(Bloomberg) -- Panama’s finance chief is working to pull off an economic soft landing that would gradually reduce the country’s budget deficit and hopefully avoid the loss of its coveted investment grade credit rating.
Felipe Chapman, who took the reins of the Central American economy earlier this year, estimates that the budget gap will widen to 6% of gross domestic product in 2024 as President Jose Raul Mulino settles debts left by the previous administration and faces revenue loss related to the closing of a key copper mine. The minister plans to narrow that deficit to 4% of GDP in 2025 and 2% of GDP by 2029, when Mulino’s term ends.
“I think we can reverse the trend before this administration ends,” Chapman said during a recent interview in Panama City. He promised to immediately take measures to lower expenditures if public revenue falls below estimates.
Whether that will be sufficient to appease ratings firms worried about Panama’s fiscal deterioration is yet to be seen. Fitch Ratings downgraded the country to junk territory in March and Moody’s Ratings slapped a negative outlook on its rating for the country’s debt, currently at the lowest investment-grade level.
A second downgrade to junk, either by Moody’s or S&P Global Ratings, would likely trigger a selloff of Panama’s bonds by institutional investors who are only allowed to keep investment-grade securities in their portfolios.
Despite the fiscal pressures, Chapman ruled out a fiscal reform in the near term, saying the administration has enough discretion to cut expenses when necessary. He pledged “disciplined and rigorous” budget management and said the ministry will closely monitor spending.
“The budget is not an order, nor a mandate, nor an obligation to spend,” Chapman said. “I feel comfortable that there are enough tools and space to maneuver and meet fiscal targets.”
Instead, Chapman is now focused on a social security reform that was sent to congress in November and that includes proposals to raise the retirement age and increase employer contributions to the system. The plan is facing protests from the population and opposition from lawmakers, even those from the ruling party. The nation’s bonds extended losses on Wednesday.
Any changes legislators make to the pension bill would have to be evaluated to determine their costs and financing sources, Chapman said.
First Quantum
Chapman said the government has yet to start talks with Canada’s First Quantum Minerals Ltd., the owner of a large copper mine that was shuttered by authorities. The government is finalizing terms to hire attorneys who would defend the nation in a potential arbitration, should legal proceedings advance further, he said.
A discussion on how to handle the mine will start “soon, but there is no predetermined date,” Chapman said.
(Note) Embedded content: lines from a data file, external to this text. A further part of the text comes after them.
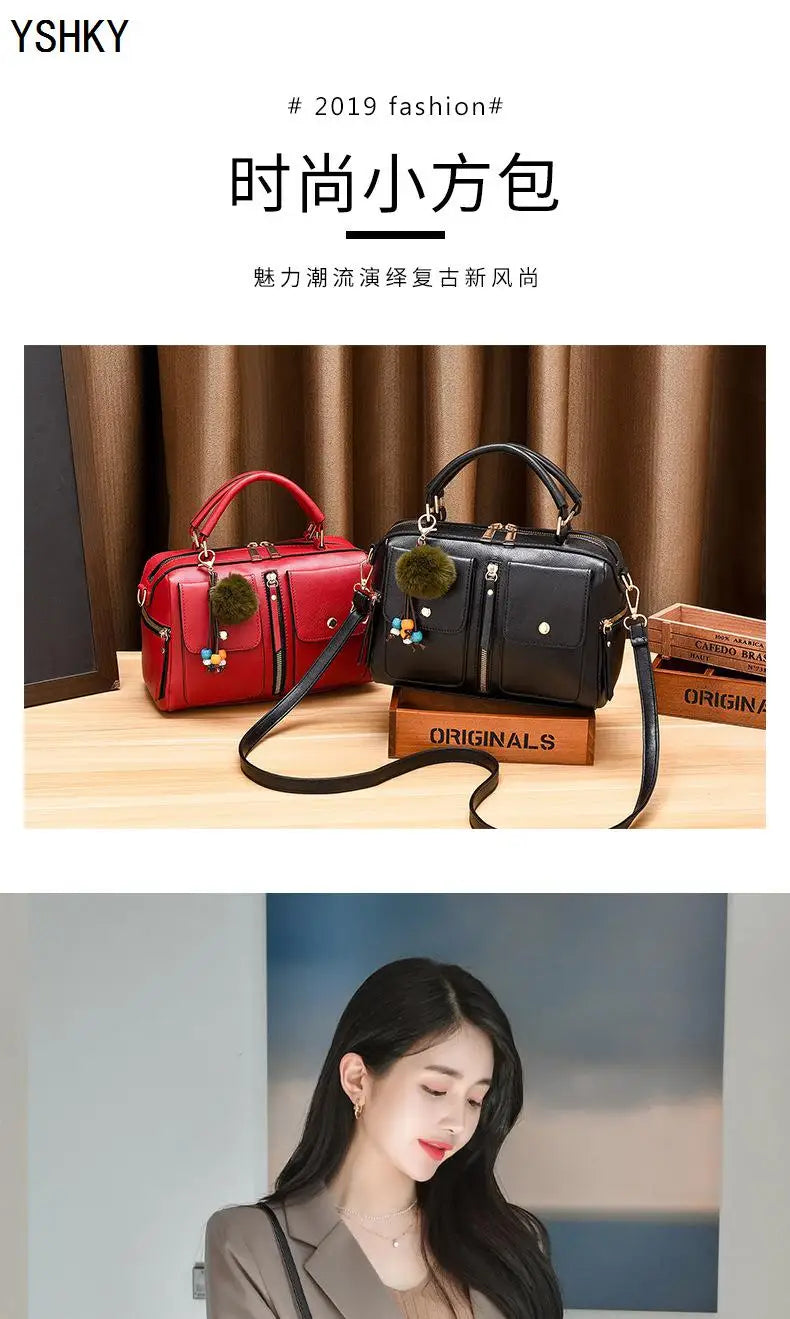 Women Handbags Bag for 2024 women Female luxury designer shoulder bags Large capacity fashion casual shoulder crossbody bag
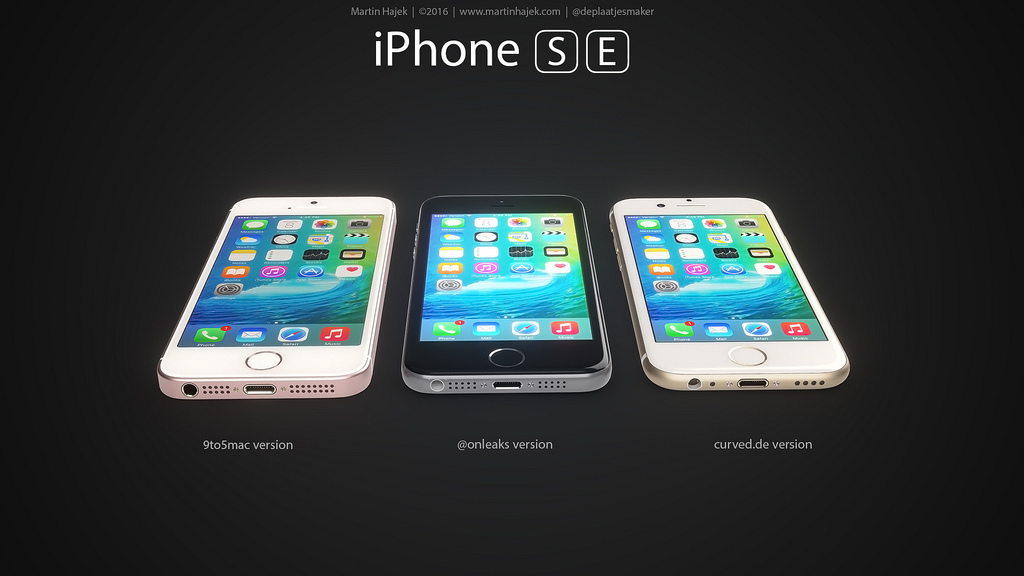 iPhone SE to Look &#039;Almost Exactly the Same&#039; as the iPhone 5S?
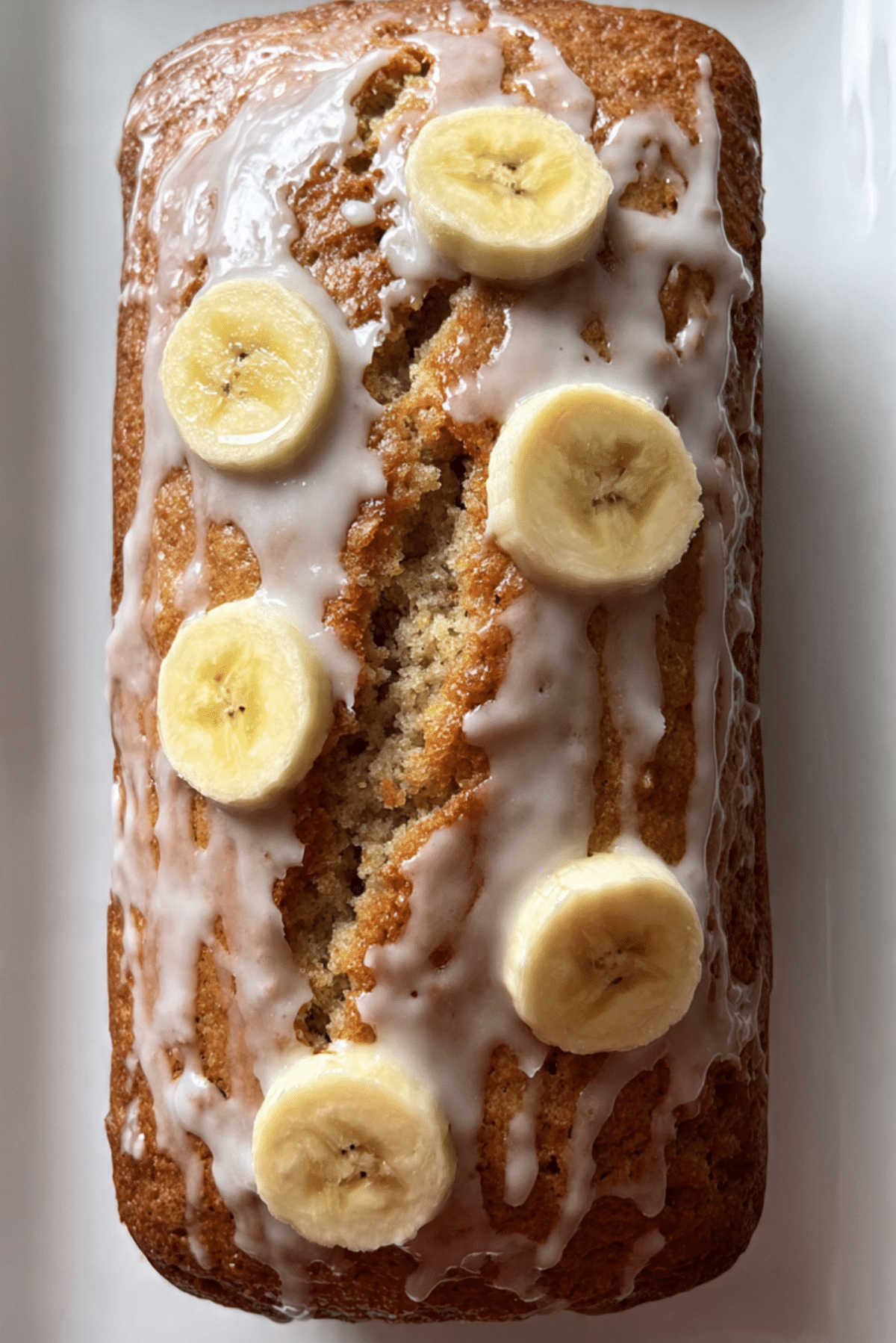Banana Bread with Greek Yogurt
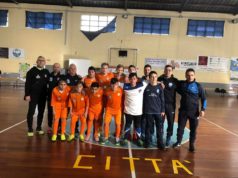 Rappresentative Calcio a 5, in campo con il Caltanissetta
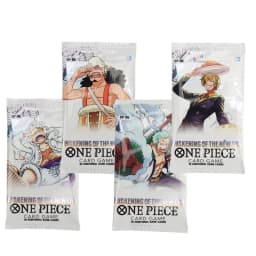 40/300Pcs Anime ONE PIECE card TCG OP-05 Luffy Zoro Shanks Trading Collection Card for Children Gift Toys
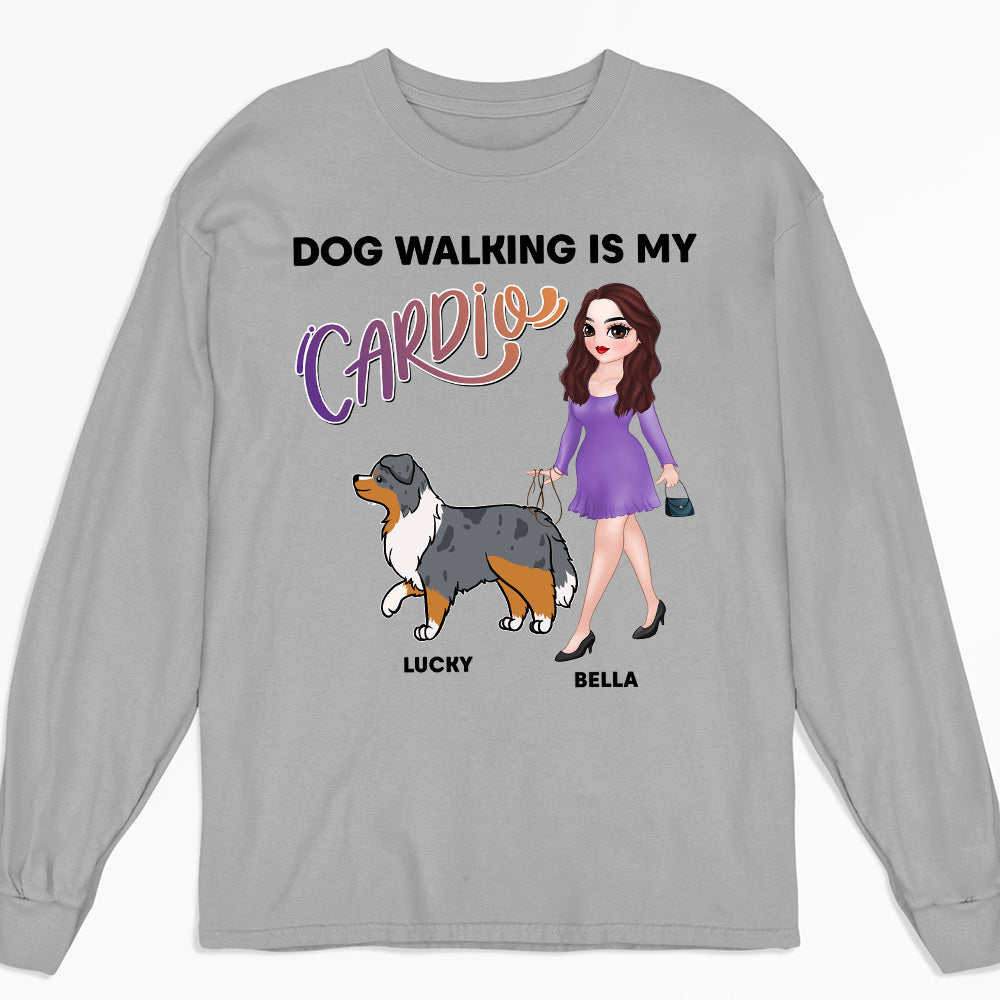 My Cardio - Personalized Custom Long Sleeve T-shirt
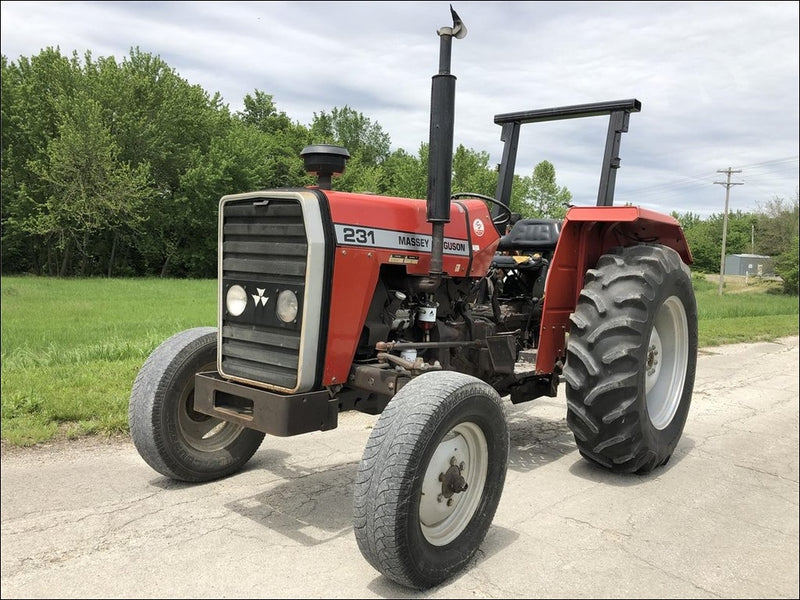 Catalogo De Peças MASSEY FERGUSON - MF 231 - Trator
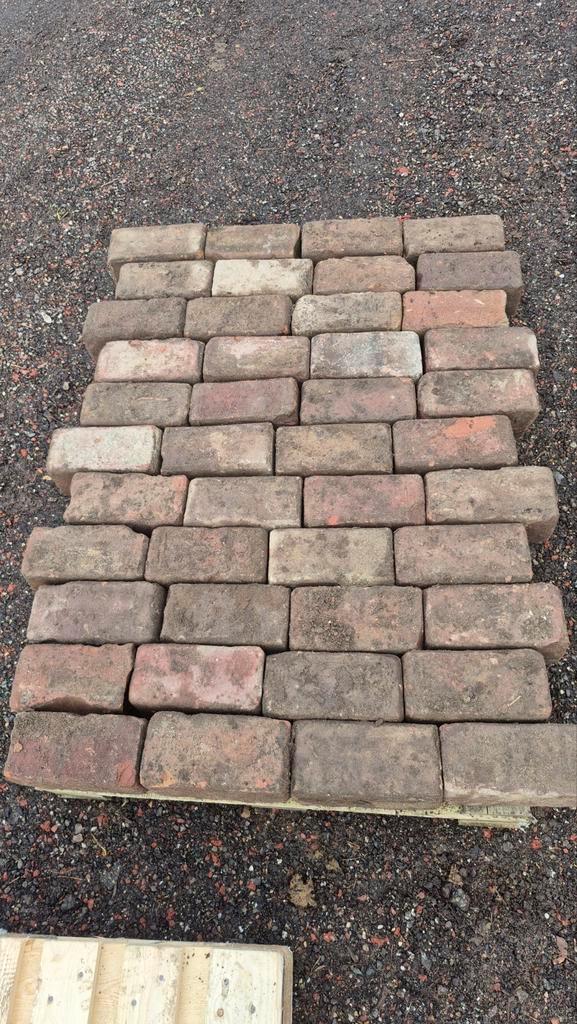 🧱✅️OUD GEBAKKEN KEIFORMAAT KLINKERS.  TIENDUIMERS, Tuin en Terras, Tegels en Klinkers, Gebruikt, Klinkers, Keramiek, Ophalen of Verzenden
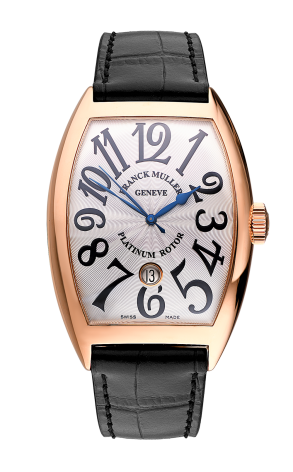 Franck Muller Cintree Curvex 18K Rose gold Men's Watch - Premium Luxury Product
The mine represented more than 4% of the nation’s gross domestic product before it was abruptly closed last year following a constitutional court ruling. In its outlook revision last week, Moody’s cited credit risks from contingent liabilities associated with social security and litigation related to First Quantum’s copper mine.
A recent poll of 1,600 Panamanians by local firm Doxa found that 44% of respondents wanted to keep the mine permanently closed, 27% favored reopening it under government supervision and another 23% said it should reopen only temporarily to raise the money needed for its orderly closing.
Reopening the mine “will depend on how citizens feel,” Chapman said. “We will have to evaluate all the possible alternatives.”